▸ DATA PROVIDED
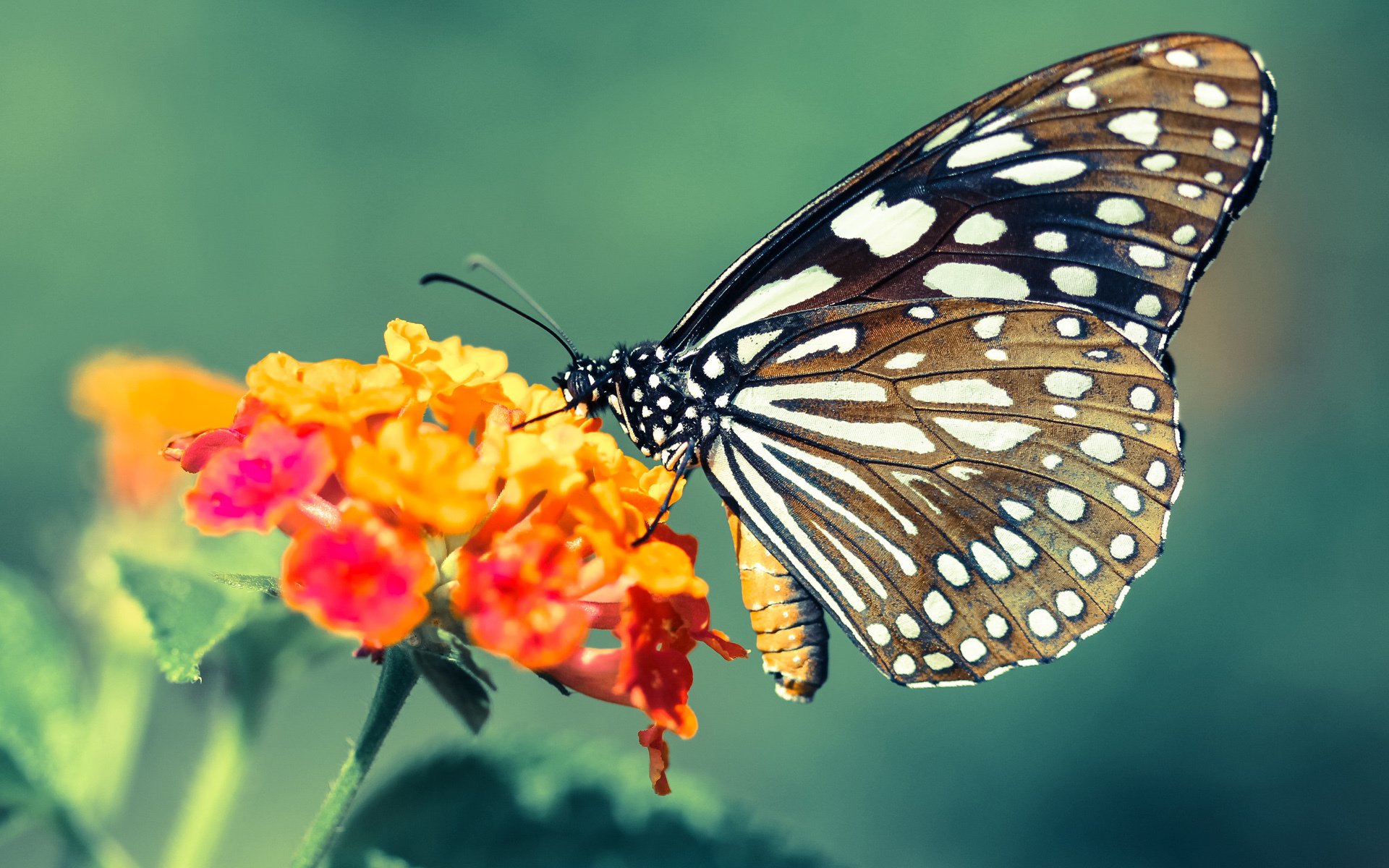 格鲁吉亚女篮在欧洲锦标赛中夺冠,开启新历史,格鲁吉亚篮球运动员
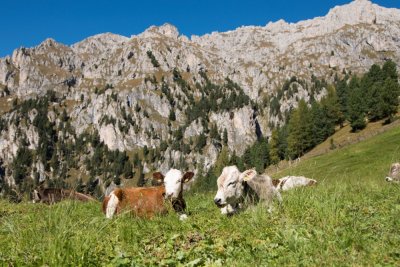 Südtirol - South Tyrol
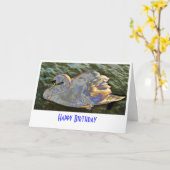 レインボースワン カード (黄色い花)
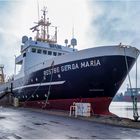 ROS 786 GERDA MARIA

▸ AIM OF THE TASK
Copy out the listing above in full and leave out its pictures.

▸ OUTPUT
 格鲁吉亚女篮在欧洲锦标赛中夺冠,开启新历史,格鲁吉亚篮球运动员
 Südtirol - South Tyrol
 レインボースワン カード (黄色い花)
 ROS 786 GERDA MARIA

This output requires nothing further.